--- Short text fragments from websites ---
--*--

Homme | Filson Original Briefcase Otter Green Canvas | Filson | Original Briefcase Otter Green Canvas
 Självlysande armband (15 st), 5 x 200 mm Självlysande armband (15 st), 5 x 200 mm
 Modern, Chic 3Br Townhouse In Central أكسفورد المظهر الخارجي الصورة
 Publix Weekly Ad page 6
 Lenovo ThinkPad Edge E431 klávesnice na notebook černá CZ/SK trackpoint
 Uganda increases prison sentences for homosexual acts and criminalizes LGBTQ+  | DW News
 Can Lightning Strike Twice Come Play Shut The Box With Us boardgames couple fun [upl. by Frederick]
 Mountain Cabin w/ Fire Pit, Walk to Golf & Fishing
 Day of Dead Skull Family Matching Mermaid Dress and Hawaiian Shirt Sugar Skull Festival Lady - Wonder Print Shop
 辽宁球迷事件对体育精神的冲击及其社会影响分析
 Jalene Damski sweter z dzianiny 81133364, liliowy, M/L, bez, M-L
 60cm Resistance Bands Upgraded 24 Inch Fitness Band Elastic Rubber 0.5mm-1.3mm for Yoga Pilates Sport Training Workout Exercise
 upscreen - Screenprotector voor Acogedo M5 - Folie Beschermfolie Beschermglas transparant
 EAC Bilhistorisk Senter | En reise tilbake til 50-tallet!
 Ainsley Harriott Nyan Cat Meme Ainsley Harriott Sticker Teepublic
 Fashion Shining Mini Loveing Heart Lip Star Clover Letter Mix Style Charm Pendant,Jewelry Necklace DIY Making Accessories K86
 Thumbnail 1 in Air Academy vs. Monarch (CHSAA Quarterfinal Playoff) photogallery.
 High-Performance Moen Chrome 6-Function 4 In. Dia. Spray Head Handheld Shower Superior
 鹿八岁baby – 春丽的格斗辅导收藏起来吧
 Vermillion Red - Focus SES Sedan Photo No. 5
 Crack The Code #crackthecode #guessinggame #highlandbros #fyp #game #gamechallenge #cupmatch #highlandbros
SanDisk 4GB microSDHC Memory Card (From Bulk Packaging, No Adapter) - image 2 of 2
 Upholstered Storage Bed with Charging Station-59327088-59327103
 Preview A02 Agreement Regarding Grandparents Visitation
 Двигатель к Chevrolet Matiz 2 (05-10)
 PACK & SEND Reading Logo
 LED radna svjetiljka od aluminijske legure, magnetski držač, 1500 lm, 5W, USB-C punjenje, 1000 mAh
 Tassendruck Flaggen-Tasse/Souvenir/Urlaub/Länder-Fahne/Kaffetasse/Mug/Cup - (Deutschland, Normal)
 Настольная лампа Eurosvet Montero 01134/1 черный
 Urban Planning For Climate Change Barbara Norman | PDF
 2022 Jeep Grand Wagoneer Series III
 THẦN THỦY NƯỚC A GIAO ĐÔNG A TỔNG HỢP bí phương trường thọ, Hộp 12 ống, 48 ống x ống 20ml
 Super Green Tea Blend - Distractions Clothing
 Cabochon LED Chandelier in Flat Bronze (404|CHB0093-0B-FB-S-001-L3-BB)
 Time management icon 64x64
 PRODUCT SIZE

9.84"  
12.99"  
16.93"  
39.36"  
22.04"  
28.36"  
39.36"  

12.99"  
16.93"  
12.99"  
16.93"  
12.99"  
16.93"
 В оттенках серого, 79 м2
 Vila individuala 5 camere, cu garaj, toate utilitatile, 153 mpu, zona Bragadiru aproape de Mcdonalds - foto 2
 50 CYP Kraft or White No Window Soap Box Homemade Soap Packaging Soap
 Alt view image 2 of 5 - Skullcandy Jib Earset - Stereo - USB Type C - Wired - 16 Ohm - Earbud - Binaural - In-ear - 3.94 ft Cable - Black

--*--

--- Requirement ---
Would you print exactly the lines from the first line of the entries above through the line that has "PACK & SEND Reading Logo", both included, and stop there?

--- Output below ---
Homme | Filson Original Briefcase Otter Green Canvas | Filson | Original Briefcase Otter Green Canvas
 Självlysande armband (15 st), 5 x 200 mm Självlysande armband (15 st), 5 x 200 mm
 Modern, Chic 3Br Townhouse In Central أكسفورد المظهر الخارجي الصورة
 Publix Weekly Ad page 6
 Lenovo ThinkPad Edge E431 klávesnice na notebook černá CZ/SK trackpoint
 Uganda increases prison sentences for homosexual acts and criminalizes LGBTQ+  | DW News
 Can Lightning Strike Twice Come Play Shut The Box With Us boardgames couple fun [upl. by Frederick]
 Mountain Cabin w/ Fire Pit, Walk to Golf & Fishing
 Day of Dead Skull Family Matching Mermaid Dress and Hawaiian Shirt Sugar Skull Festival Lady - Wonder Print Shop
 辽宁球迷事件对体育精神的冲击及其社会影响分析
 Jalene Damski sweter z dzianiny 81133364, liliowy, M/L, bez, M-L
 60cm Resistance Bands Upgraded 24 Inch Fitness Band Elastic Rubber 0.5mm-1.3mm for Yoga Pilates Sport Training Workout Exercise
 upscreen - Screenprotector voor Acogedo M5 - Folie Beschermfolie Beschermglas transparant
 EAC Bilhistorisk Senter | En reise tilbake til 50-tallet!
 Ainsley Harriott Nyan Cat Meme Ainsley Harriott Sticker Teepublic
 Fashion Shining Mini Loveing Heart Lip Star Clover Letter Mix Style Charm Pendant,Jewelry Necklace DIY Making Accessories K86
 Thumbnail 1 in Air Academy vs. Monarch (CHSAA Quarterfinal Playoff) photogallery.
 High-Performance Moen Chrome 6-Function 4 In. Dia. Spray Head Handheld Shower Superior
 鹿八岁baby – 春丽的格斗辅导收藏起来吧
 Vermillion Red - Focus SES Sedan Photo No. 5
 Crack The Code #crackthecode #guessinggame #highlandbros #fyp #game #gamechallenge #cupmatch #highlandbros
SanDisk 4GB microSDHC Memory Card (From Bulk Packaging, No Adapter) - image 2 of 2
 Upholstered Storage Bed with Charging Station-59327088-59327103
 Preview A02 Agreement Regarding Grandparents Visitation
 Двигатель к Chevrolet Matiz 2 (05-10)
 PACK & SEND Reading Logo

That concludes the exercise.